Google intends to add drive-by download protection to all Chrome versions, except the one that ships for iOS, which isn't based on the Chromium engine, but on WebKit (Safari's engine), where this type of protection isn't yet supported.
Browsers like Internet Explorer and Firefox have been blocking some types of drive-by downloads for years, since at least 2015, but none block automatic downloads from sandboxed iframes.
Because this is a pretty useful security feature, other browsers based on Chromium --such as Opera, Vivaldi, Brave, and soon Microsoft Edge-- are also expected to deploy it as well.
In the long run, this feature is expected to thwart quite a few malvertising campaigns --criminal groups that hide malicious code inside ads to drop malware-laced files on users' computers.
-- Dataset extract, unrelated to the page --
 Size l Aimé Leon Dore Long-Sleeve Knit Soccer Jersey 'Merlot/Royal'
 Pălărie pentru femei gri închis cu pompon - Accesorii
The feature isn't expected to stop drive-by download attacks part of "watering hole attacks," a term used to describe when hackers compromise a website and leave a hidden iframe behind to trigger the drive-by download. This is because hackers already have access to a compromised site's source code, and they can just use the iframe attribute that Google engineers plan to add to instruct Chrome to disable the drive-by download protection when rendering those iframes.
Roughly 0.002117 percent of all pages loaded in Chrome trigger a drive-by download, according to Chrome statistics [1, 2].